I can't find any good guides for recall training though haha! I'm not exactly sure what to do :frown:


----------



## CaliTiels (Oct 18, 2012)

I don't have any good advice for you I'm afraid. I taught Jaid to recall with kisses, his favorite thing


----------



## SoCalTiels (Oct 8, 2013)

Try holding your hand only a few inches away from the perch/cage and work from there, moving back a little when Quinn seems to have it down. Reward often when he does the right thing, and stop before he seems to be getting frustrated/stops listening. That's what I did anyways, not sure if it's the 'official' way or not. Even if you go slowly and only work on a few inches of distance more a day, it's still progress.


----------



## corgie (Jun 24, 2013)

Okay, thats what I was doing.

Is there a specific sound to use? I just use 'quinn come' or 'quinn' or 'come'. Should I whistle or something? When should I make the noise, we he lands?


----------



## SoCalTiels (Oct 8, 2013)

Some people use a clicker, some use praise or physical treats.
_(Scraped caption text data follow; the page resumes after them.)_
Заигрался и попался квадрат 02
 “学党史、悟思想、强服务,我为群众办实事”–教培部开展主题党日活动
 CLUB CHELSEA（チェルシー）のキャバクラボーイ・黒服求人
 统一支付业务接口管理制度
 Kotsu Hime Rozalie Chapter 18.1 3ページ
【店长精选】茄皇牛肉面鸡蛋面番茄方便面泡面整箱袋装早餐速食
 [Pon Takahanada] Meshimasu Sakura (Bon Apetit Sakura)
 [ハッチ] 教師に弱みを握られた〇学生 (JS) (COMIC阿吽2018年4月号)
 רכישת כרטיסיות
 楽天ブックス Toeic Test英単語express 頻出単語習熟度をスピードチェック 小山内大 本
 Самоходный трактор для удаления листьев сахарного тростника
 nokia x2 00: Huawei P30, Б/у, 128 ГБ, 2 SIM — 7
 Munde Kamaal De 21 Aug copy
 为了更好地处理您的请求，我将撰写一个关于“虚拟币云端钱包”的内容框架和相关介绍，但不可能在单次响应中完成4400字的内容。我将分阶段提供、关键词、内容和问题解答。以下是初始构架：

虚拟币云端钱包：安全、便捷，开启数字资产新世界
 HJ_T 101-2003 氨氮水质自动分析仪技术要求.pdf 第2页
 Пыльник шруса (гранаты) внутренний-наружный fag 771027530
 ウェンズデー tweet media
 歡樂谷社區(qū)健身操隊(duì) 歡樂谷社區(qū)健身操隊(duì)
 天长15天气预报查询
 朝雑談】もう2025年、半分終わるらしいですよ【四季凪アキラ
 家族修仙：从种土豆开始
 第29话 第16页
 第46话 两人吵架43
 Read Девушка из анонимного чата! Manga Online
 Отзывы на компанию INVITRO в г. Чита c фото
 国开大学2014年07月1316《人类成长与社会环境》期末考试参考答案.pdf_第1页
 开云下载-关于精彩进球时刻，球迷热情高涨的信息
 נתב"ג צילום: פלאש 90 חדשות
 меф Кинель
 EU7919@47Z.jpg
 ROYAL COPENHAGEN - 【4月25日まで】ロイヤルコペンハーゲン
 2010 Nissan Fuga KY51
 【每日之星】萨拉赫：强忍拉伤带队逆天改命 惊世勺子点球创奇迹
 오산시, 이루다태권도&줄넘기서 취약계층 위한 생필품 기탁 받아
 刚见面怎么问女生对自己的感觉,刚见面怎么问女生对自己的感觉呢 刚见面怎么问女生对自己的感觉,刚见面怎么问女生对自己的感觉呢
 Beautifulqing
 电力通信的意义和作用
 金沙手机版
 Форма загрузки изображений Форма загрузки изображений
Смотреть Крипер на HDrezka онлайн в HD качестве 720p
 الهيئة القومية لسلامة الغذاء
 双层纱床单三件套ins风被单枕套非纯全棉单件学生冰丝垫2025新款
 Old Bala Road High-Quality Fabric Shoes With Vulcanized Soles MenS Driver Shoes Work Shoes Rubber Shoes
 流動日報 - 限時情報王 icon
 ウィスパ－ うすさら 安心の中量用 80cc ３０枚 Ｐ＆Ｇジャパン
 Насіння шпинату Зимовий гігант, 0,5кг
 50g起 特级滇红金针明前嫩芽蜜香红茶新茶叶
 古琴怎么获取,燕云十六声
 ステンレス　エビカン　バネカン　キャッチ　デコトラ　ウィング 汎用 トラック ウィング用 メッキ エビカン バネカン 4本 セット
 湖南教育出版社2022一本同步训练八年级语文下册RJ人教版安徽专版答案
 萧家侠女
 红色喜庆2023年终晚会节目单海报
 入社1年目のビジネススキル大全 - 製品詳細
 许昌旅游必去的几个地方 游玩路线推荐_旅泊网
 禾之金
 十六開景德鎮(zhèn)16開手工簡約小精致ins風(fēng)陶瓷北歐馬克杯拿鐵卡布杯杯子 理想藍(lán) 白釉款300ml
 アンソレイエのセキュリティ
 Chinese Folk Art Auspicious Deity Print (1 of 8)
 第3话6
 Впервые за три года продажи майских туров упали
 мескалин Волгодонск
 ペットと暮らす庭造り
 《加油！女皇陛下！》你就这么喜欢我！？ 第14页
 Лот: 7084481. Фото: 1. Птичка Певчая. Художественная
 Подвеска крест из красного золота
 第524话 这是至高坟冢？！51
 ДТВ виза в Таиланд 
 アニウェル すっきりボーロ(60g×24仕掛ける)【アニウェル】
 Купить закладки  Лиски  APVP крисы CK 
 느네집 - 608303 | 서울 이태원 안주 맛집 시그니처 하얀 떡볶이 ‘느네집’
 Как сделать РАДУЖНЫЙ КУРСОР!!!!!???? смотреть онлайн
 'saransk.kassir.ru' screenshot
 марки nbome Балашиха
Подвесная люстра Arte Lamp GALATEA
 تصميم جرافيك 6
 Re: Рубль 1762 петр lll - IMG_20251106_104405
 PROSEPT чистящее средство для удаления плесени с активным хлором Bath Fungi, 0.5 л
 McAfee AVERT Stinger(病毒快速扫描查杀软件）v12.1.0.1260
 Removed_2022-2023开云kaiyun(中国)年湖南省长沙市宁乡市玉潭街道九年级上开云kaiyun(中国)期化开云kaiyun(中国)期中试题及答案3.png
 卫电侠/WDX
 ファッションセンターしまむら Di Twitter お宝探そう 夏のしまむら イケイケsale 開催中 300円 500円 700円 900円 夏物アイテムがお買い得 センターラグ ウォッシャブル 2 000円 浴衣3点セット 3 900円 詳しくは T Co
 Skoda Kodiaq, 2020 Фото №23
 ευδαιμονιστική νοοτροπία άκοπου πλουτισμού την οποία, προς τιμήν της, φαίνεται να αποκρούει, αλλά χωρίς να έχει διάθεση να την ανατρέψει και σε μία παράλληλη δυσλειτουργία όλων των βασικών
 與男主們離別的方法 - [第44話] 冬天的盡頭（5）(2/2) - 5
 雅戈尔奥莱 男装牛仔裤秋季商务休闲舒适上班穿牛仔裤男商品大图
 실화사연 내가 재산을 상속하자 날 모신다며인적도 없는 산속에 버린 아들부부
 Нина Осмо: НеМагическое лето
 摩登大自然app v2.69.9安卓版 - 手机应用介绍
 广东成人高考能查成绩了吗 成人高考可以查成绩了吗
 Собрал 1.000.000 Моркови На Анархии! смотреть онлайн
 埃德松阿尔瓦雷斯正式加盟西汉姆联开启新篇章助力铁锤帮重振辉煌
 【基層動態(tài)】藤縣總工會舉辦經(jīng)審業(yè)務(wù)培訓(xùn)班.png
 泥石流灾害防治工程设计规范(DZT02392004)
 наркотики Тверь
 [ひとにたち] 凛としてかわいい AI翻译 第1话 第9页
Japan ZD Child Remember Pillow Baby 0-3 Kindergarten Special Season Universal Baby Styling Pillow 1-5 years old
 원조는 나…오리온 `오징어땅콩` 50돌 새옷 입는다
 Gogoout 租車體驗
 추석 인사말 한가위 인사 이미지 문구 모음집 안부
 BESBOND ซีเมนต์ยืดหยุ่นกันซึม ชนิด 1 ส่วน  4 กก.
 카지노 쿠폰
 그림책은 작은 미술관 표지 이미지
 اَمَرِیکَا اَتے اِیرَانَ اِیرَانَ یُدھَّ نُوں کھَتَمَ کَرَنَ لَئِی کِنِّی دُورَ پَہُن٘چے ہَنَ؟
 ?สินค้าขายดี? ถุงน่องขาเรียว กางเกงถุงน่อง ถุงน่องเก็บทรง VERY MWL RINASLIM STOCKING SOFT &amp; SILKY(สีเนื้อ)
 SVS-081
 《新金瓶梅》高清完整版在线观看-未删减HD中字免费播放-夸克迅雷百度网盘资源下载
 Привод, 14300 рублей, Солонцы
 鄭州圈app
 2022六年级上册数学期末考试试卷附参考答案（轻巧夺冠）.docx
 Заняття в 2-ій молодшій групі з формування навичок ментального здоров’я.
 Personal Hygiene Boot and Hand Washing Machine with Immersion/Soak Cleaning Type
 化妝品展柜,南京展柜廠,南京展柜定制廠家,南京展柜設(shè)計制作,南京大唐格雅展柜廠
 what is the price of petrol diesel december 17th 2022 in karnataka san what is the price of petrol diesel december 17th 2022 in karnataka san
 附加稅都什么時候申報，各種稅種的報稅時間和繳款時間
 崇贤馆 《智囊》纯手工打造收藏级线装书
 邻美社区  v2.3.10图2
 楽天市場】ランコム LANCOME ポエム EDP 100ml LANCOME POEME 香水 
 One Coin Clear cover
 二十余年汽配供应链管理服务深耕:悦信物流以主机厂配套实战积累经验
Depends on what you find motivates him. And yeah, reward him when he comes to you. I read that you should praise them vocally whenever they fly to you, whether called or not.


----------



## blueybluesky (Jul 9, 2013)

I haven't actually recall trained any of mine but Bear and Myka do come to me most times when I call their name and whistle to them, then when they land on my hand I just tell them what a good and smart boy/girl they are


----------



## corgie (Jun 24, 2013)

Ok! Thanks guys! I think I was doing it right before but I wanted to make sure lol.


----------



## ScarredEclipse (Apr 1, 2014)

*Sunny flew to me on his own. And whatever Sunny does, Skittles does, too. He does it once in a while, but most of the time he's busy playing with his brother and looking for things to get into. I tell him good boy and praise him when he does it, but I don't push the issue. He loves his mama and he gives me loves. I agree to try whatever works. If certain treats work, do that. If calling to him in a certain way works, do that. Try a bit of everything.*


----------



## Charlotte (Jun 4, 2014)

Murray recalls now. I do pretty much the same as you - offer millet, gradually extending the distance she has to fly to get it. To begin with she was unsteady on the landing, but now she does it a treat. She gets One bite of millet for each successful flight, to or from her perch. I train until right before she gets bored, which is usually 5-10 mins or so! I also click and say "good" in the same voice each time she gets something right. I don't have a clicker because I can click my tongue  But I reckon "good" would probably do just as well!


----------